Tomando la última cerveza en el albergue conocimos a Frank, un cartógrafo taiwanés retirado que llevaba un par de años viajando por China. Cuando Aaron le interrogó sobre su antiguo trabajo (porque Aaron más que preguntar interroga), el hombre nos dijo que no podía dar detalles porque era alto secreto. Esto, sumado a algunas vaguedades e incongruencias en el relato de sus años como estudiante en Estados Unidos (como equivocarse en el nombre de la universidad donde supuestamente se había graduado), nos hizo pensar que lo mismo era un espía o que lo mismo se estaba quedando con nosotros. Qué más daba, pensaba yo, si el tipo pagó dos rondas y encima era simpático, pero Aaron no estaba tan satisfecho
No soy el único con la impresión de que en este país hay mucha gente que miente por el mero placer de hacerlo, como el que se aburre de decir siempre lo mismo y se inventa una historia fantástica por pura diversión. Mi actitud ante esto es dejar que me cuenten lo que quieran y guardarme la opinión sobre si es cierto o no, mientras que la de otros, como Aaron, consiste en hacer lo posible por pillar al embustero. Me pregunto que tipo de escéptico preferirá este tipo de gente, si agradecerán la libertad que les doy para contar las mayores milongas, o si prefieren la emoción de batir su ingenio con un oyente inquisitivo. A lo mejor hay de todo.
A primera hora de la mañana, Aaron y yo cogimos el bus a Zhongdian, una pequeña ciudad cercana a la frontera con el Tíbet, dejando en el alberge a Mark que ya estaba hasta el gorro de carretera.

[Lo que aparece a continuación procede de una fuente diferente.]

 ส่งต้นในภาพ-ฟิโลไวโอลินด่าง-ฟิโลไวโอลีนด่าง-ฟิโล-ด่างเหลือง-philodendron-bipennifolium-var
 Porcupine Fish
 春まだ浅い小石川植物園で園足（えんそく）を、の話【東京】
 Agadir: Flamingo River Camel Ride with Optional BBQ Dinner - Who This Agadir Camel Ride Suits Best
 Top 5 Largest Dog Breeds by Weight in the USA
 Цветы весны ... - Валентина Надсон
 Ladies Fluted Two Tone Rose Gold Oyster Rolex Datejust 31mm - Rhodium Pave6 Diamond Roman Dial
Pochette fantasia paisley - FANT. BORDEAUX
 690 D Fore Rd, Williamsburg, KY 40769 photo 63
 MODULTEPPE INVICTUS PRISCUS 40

Con el bus, subimos durante horas por una sierra interminable hasta llegar a una luminosa planicie donde vimos las primeras casas de estilo tibetano, con tejados curvos y grandes muros de piedra ligeramente inclinados hacia adentro, así como algunas diminutas aldeas de casas de madera. También vimos unas grandes plataformas hechas con troncos que se usan para secar las pieles de los búfalos, unas chimeneas blancas decoradas con banderines de colores que supongo que eran hornos crematorios, y, poco antes de llegar a la ciudad, un grupo de monjes tibetanos jugando al baloncesto en la cancha de un colegio.
Aunque todavía se la conoce como Zhongdian, la ciudad cambió su nombre en 2002 por el de Shangri-La, el paradisíaco lugar imaginario de los Himalayas del que habla James Hilton en su novela Horizontes perdidos (1933). Como los turistas somos así de borregos, el cambio supuso un importante aumento de las visitas, o por lo menos eso dicen.

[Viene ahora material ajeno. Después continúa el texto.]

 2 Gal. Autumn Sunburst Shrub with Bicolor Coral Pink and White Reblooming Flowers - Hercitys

Tras llegar a como se llame pasadas las tres, alojarnos en el albergue y comer un plato de yak con verduras acompañado de una copa de vino local, me empezó a entrar un mareo fortísimo que atribuí al mal de altura (estábamos ya a unos 3400 metros sobre el nivel del mar), aunque tampoco es descartable que el vino tuviera algo que ver.
Zhongdian es el primer lugar que conozco de China con auténtica tradición vitivinícola, algo que hay que agradecer a los misioneros católicos franceses. Tienen un vino dulce muy rico que recuerda al oporto, que vale que pega bastante pero que tampoco recuerdo que tumbe con una sola copa.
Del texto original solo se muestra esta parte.